* Task *
Look through the material below and give the number of lines where the string "White" occurs, with nothing added.

* Provided records *
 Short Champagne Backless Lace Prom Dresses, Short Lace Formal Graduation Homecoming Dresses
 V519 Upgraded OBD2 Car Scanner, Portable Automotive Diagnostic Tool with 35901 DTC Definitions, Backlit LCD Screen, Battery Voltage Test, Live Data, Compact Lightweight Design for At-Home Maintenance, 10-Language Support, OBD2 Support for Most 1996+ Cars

==

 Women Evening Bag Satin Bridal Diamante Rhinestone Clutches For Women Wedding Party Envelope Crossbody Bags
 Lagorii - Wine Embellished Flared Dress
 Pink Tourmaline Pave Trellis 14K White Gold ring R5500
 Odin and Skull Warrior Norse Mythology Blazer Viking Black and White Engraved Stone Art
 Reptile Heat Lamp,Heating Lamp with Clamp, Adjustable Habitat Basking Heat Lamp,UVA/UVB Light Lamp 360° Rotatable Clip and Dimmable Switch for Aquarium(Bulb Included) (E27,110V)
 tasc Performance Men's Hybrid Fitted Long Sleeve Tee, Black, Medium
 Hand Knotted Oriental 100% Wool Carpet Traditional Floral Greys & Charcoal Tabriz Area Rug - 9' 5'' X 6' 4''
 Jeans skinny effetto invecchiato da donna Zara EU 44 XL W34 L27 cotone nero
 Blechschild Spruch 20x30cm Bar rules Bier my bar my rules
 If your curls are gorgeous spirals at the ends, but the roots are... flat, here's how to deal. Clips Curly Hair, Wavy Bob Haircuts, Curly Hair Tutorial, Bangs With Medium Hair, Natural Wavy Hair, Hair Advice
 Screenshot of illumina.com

* Task answer *
2